Some men are on the brink of snapping, and you three, you "team" of "professionals," poke fun at and nag people like me who have severe mental strain due to recent tragic events. You invite anger and hate and wrath and you expect yourselves to stay on top always. You are only even alive because I allow you to be. What's to stop me from walking into that arena and putting a bullet between the eyes of any Skid Mark or any Shadow Monkey I so choose? A life in prison? Big deal, at least I'd be away from moral criminals like yourselves who disgust me.

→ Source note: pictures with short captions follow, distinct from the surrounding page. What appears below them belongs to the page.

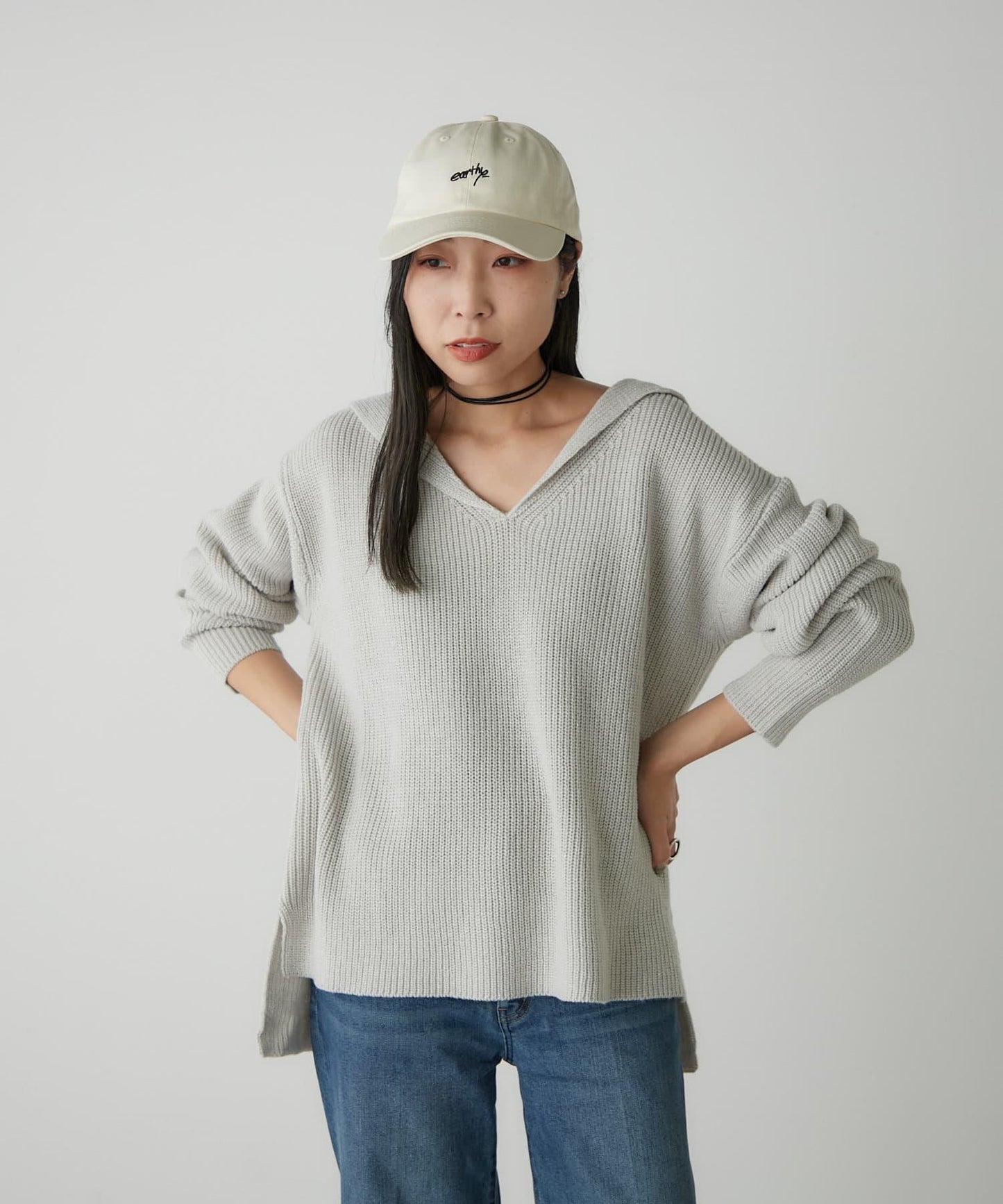 【earthy_】earthy 刺繡標誌棒球帽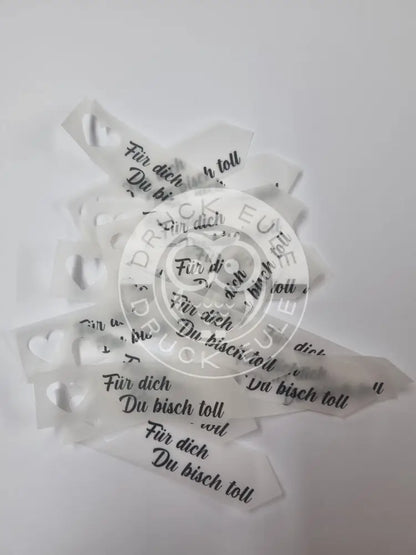 Transparentpapier Für dich Du bisch toll 2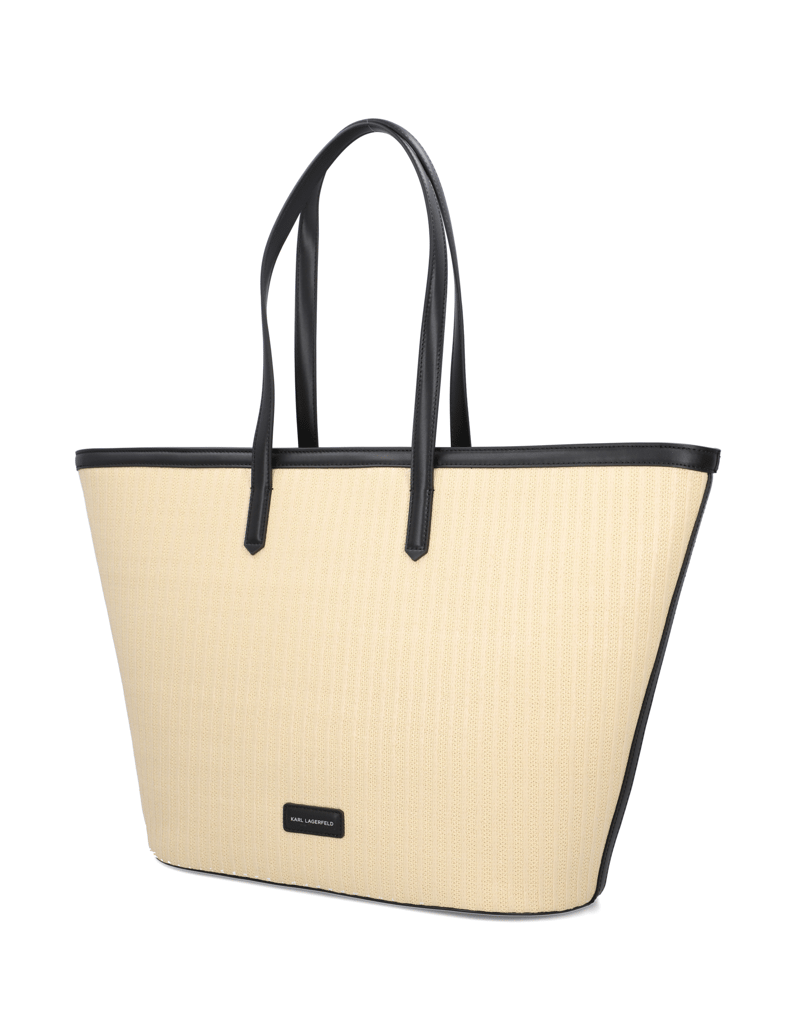 KARL-LAGERFELD-K/SIGNATURE-RAFFIA-MD-TOTE-bež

No, I'm not threatening you, I'm not going to bring a gun into the arena. But think about that when you open your mouth every time, making light of my ordeals and personal demons. You know not the effect this has had on me, but you are putting yourself in God's hands by tempting a desperate man.

Ichabod walks out of the bathroom and to his table. Frowning at his untouched food, he leaves two twenties on the table and walks out. He climbs into his truck slowly and turns on the engine, heading back onto the interstate.


A plane soars overhead as Ichabod pulls into the long-term parking area of the Greenville Spartanburg International Airport. Ichabod gets out and locks up the truck. He puts his hand against the truck and lowers his head. He watches the ground as he tries to gather himself up. Ichabod finally steps away from the truck and enters the terminal pulling out his ticket.